502 So. 2d 1350 | Fla. Dist. Ct. App. | 1987

SCHOONOVER, Judge.

Appellant, Kenneth Griffin, appeals from a judgment and sentence entered pursuant to a jury verdict finding him guilty of battery of a law enforcement officer. We affirm.

The sole issue on this appeal is whether the trial court committed reversible error during the jury selection process. Although we find that the trial court’s actions during the jury selection process were improper, we do not find on the facts of this case that the trial court committed reversible error.

Appellant, charged with two counts of battery of a law enforcement officer, went to trial with two other defendants.' During voir dire examination of prospective jurors, the court stated that it would not allow any further back striking of jurors. From that time forward, after the parties had an opportunity to question prospective jurors, if they were not challenged, they were individually sworn. The attorneys, consequently, could not back strike them. At the conclusion of the trial, the jury returned a verdict finding appellant not guilty of one of the charges of battery of a law enforcement officer and guilty of the other. He was sentenced within the guidelines to serve four and one-half years in the state prison. This appeal timely followed.

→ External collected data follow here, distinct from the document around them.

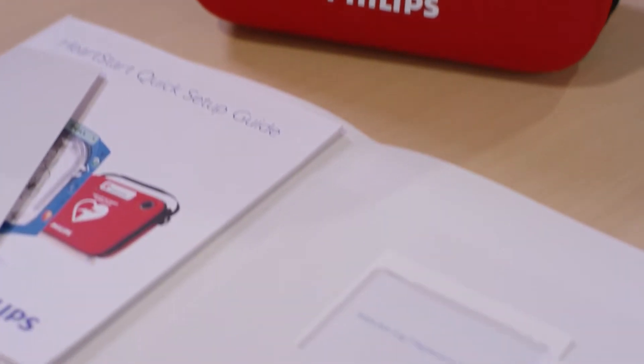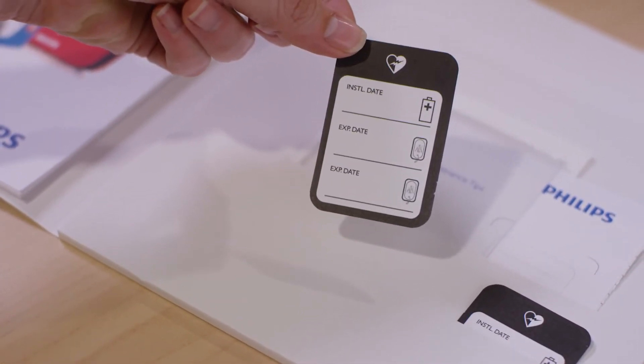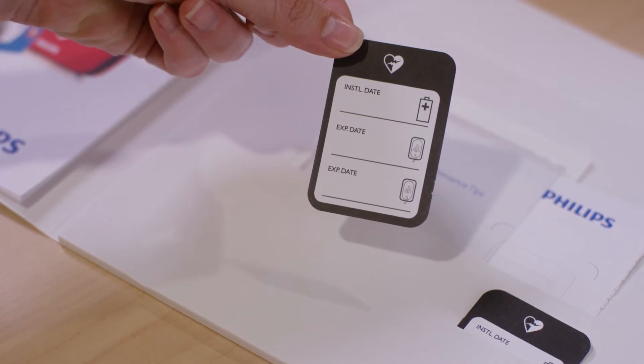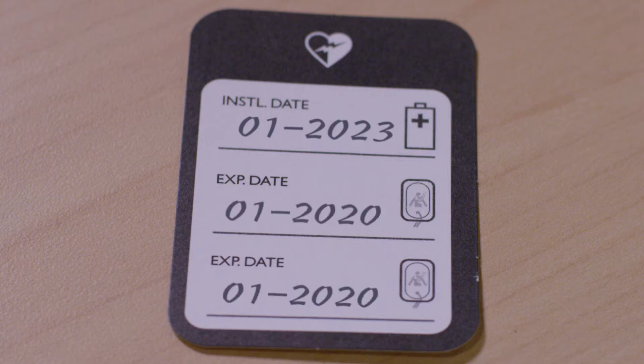Each system comes with a simple maintenance sticker to help you keep track of these two accessories. On this sticker, write down the key dates for your accessories: the install by date for your spare battery and the expiration date for your pads. Keep in mind that the date on the battery is not an expiration date — it represents the latest date the battery should be installed into the device in order to ensure full battery life.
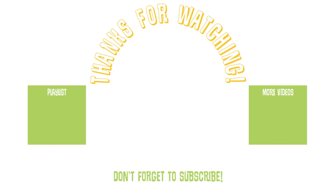Then you're gonna add your paper whites. Make sure they're not touching. Plant your paper whites four to six weeks prior to when you want the best blooms.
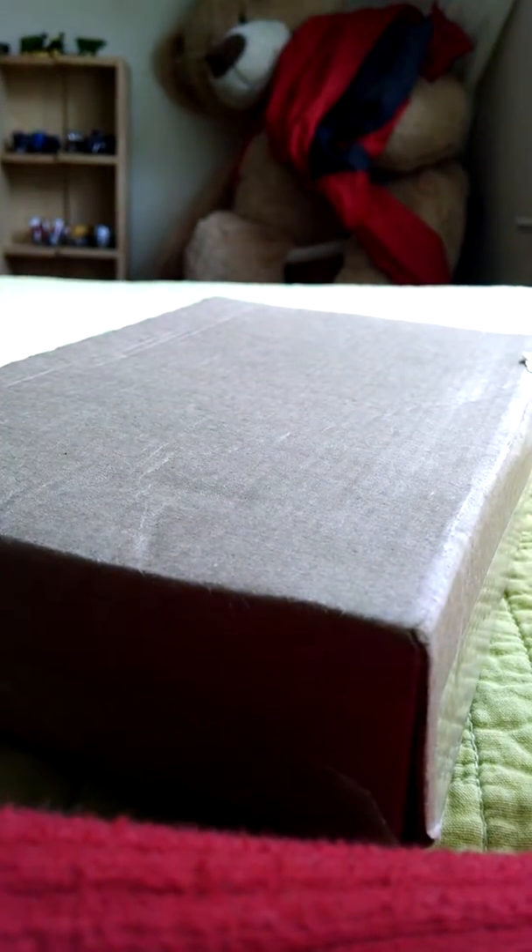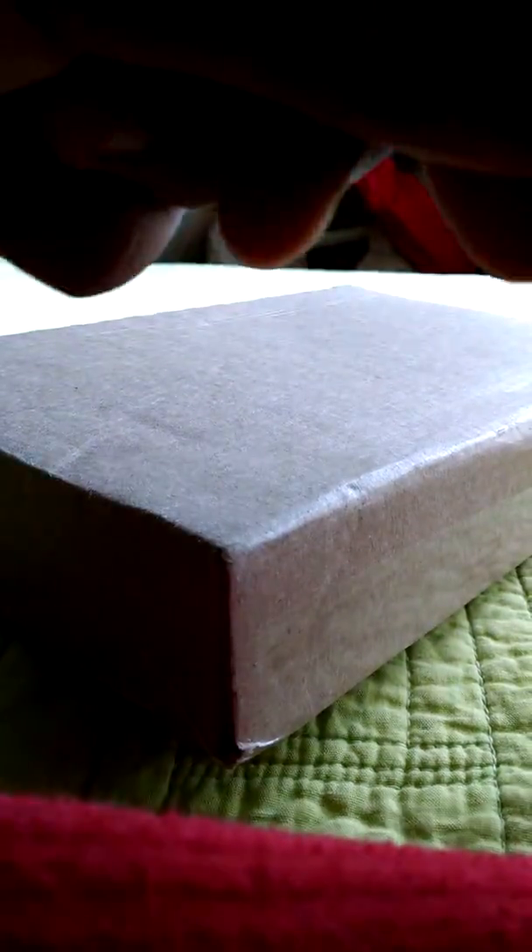Got this box here, just arrived. I'm pretty excited. I'm going to go ahead and crack it open.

Florida Rule of Criminal Procedure 3.310 provides that a party may challenge an individual juror at any time before he is sworn to try the cause. By swearing in the jurors individually before they were accepted as an entire panel, the trial court improperly restricted the right of the appellant to consider the jury panel as a whole when exercising his peremptory challenges.

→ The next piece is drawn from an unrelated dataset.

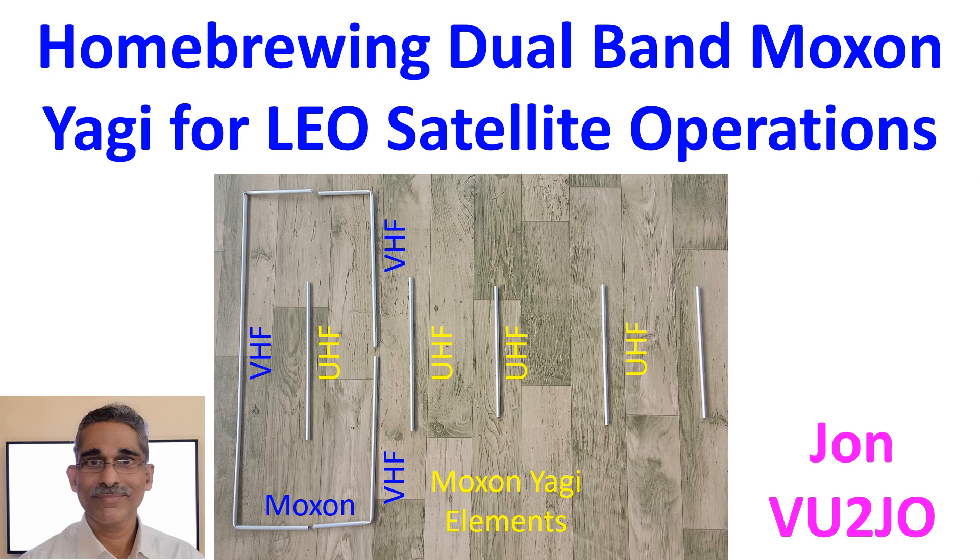But I have only one radio and no diplexer suitable for a base station to connect two antennas to one radio. I had homebrewed a 7-element VHF Yagi and a 5-element UHF Yagi earlier, so I had surplus 3 by 8 inch aluminium pipes with me.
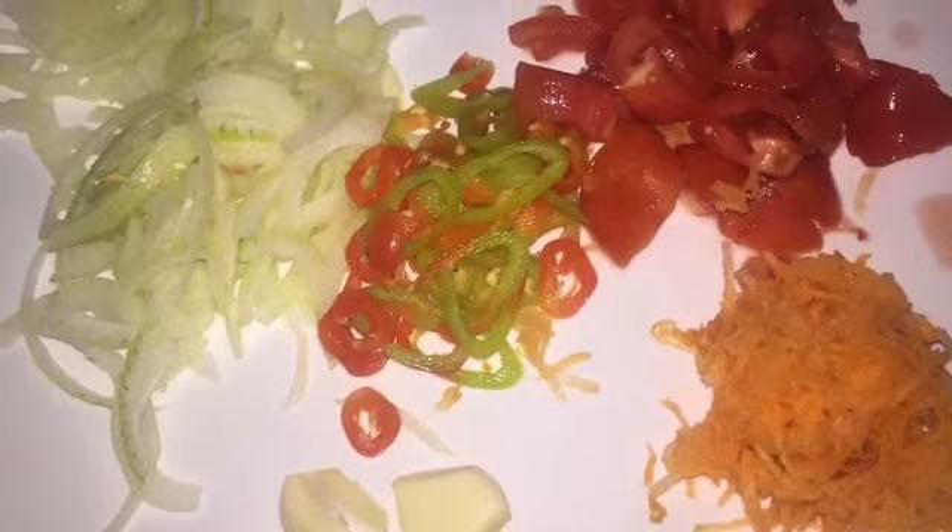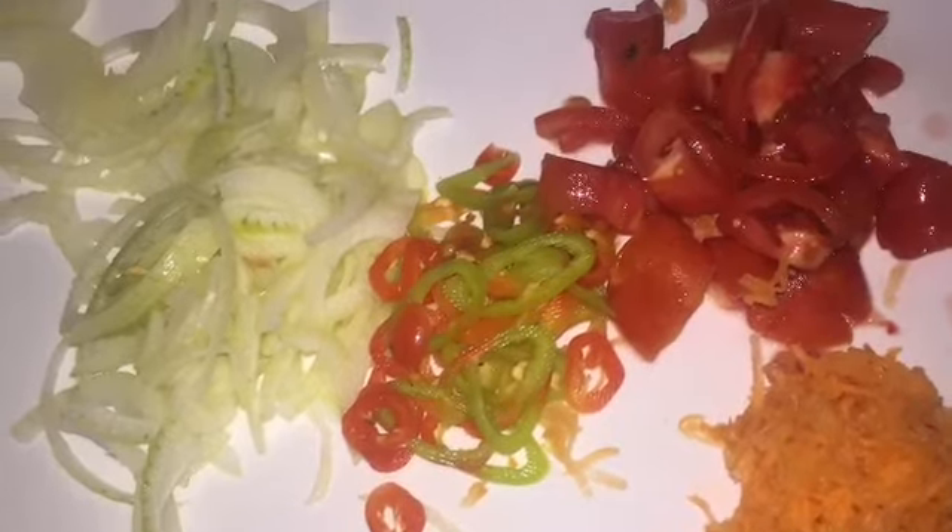So I open the tuna and I'm going to drain the water. It's a light tuna. I'm going to use some carrots, some pimento, some onions, tomato, and of course some lime — we need lime with fish.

In Bocanegra v. State, 303 So.2d 429 (Fla. 2d DCA 1974), cert. dismissed, 308 So.2d 111 (Fla.1975), this court held that although the better practice is to postpone the swearing in chief of the jurors until the full panel is obtained, absent a showing of abuse of discretion, it is not error to swear the jurors individually rather than as a complete jury. In Tedder v. Video Electronics, Inc., 491 So.2d 533 (Fla. 1986), the supreme court, however, stated that the only fair scheme in the handling of jury selection is to allow the parties to exercise their challenges singularly, alternately, and orally so that, before a party exercises a peremptory challenge, he has *1352before him the full panel from which the challenge is to be made. The court then went on to say that this is not only the better practice but should be the rule. The Tedder court, accordingly, established the rule that absent exceptional circumstances a trial judge may not selectively swear individual jurors prior to the opportunity of counsel to view as a whole the entire panel from which challenges are to be made.

This newly established rule, however, does not benefit appellant in this case because the Tedder court did not eliminate a party's responsibility for properly preserving this issue for appeal. Not only did the appellant here fail to object to the procedure invoked by the trial court, he also did not attempt to exercise a challenge on any juror after that juror was sworn to try the cause. In Rivers v. State, 458 So.2d 762 (Fla.1984), cited by the court in Tedder, the court held that although the trial court had erred by requiring the parties to accept any prospective jurors not challenged at the first opportunity, the issue had not been properly preserved for appeal, because defense counsel, as in this case, did not subsequently attempt to back strike any prospective juror. See also, Johnston v. State, 497 So.2d 863 (Fla.1986).

AFFIRMED.

SCHEB, A.C.J., and FRANK, J., concur.